A Two-Judge Bench comprising Justice Pamidighantam Sri Narasimha and Justice Alok Aradhe observed that a liability arising from a corporate guarantee squarely falls within the ambit of “financial debt” under Section 5(8) of the IBC, and that the amount of any liability in respect of guarantees for money borrowed against payment of interest is a financial debt. It reiterated that a guarantor incurs a coextensive liability with that of the principal borrower and such liability is enforceable in law.

The Bench found that the execution of the corporate guarantees was beyond doubt because the corporate debtor itself, through its counsel’s communication dated March 19, 2019, admitted the execution of the guarantees and stated that information regarding the guarantees had always been publicly available and adequately disclosed in financial statements and annual reports of the borrower group.

On the question of timing, the Bench held that the guarantees were executed before declaration of the account of the corporate debtor as NPA. Referring to Clause 17.2.6 of the RBI Master Circular dated July 01, 2015, the Bench noted that where a restructured asset is subjected to restructuring again, its asset classification is reckoned from the date when it first became NPA. Therefore, the retrospective NPA classification from August 26, 2016 could not be used to question the timing and manner of the guarantees executed on March 03, 2017.

The Bench further observed that mere non-disclosure of the corporate guarantees in the financial statements for financial years 2016–17 and 2017–18 could not deprive the appellants of their claim based on those guarantees; and at best, such non-disclosure could be treated as a default committed by the corporate debtor.

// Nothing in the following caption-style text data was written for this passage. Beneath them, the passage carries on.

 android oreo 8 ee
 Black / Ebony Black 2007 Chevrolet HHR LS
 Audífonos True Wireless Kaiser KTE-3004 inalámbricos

It also held that the guarantees had been verified by the Resolution Professional after inspecting them in the office of the Security Trustee in New Delhi, and therefore the NCLAT’s finding that there was no material regarding verification was perverse.

The Bench also held that relevant documents can be produced at the appellate stage since an appeal is a continuation of original proceedings. As regards stamp duty, it observed that the guarantees were executed in New Delhi, stamp duty applicable in New Delhi had been paid, and production of the guarantees in proceedings at New Delhi did not attract the Maharashtra Stamp Act, 1958. In any case, insufficient stamping is a curable defect and does not render the instrument void or unenforceable.

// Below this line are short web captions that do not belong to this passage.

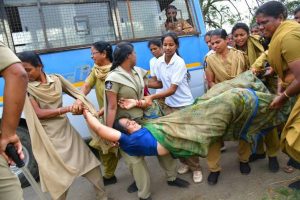 Sujana ultimate comment on AP DGP: Police Rajyam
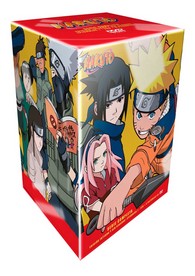 Pack Naruto (2002) - Monster Box (Serie Completa)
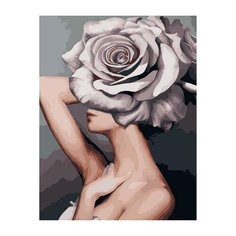 Paintboy Картина по номерам GX 38446 Девушка-цветок. Загадочная страсть (Джадд Эми) 40х50 см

Thus, the Bench held that the findings of the NCLT and NCLAT were perverse and legally unsustainable. It observed that merely because the corporate guarantees were not filed along with Form C, the appellants’ claim could not have been negated, and interference under Section 62 of the Code was warranted because the perversity in the findings was glaring and manifest.

Briefly, the dispute concerned the validity and enforceability of corporate guarantees executed by Reliance Infratel Limited, the corporate debtor, in favour of the consortium lenders, and whether such guarantees gave rise to a “financial debt” and corresponding status of “financial creditor” under the IBC.

The Doha Bank had extended a foreign currency loan of USD 250 million to Reliance Infratel Limited on March 19, 2010. Separately, the consortium lenders had extended rupee loan facilities of Rs. 6,015 crores to Reliance Communications Limited and Rs. 735 crores to Reliance Telecom Limited. On February 20, 2015, a deed of hypothecation was executed by the corporate debtor in favour of the Security Trustee, and on March 03, 2017, the corporate debtor executed corporate guarantees in favour of the consortium lenders to secure loans advanced to Reliance Communications Limited and Reliance Telecom Limited.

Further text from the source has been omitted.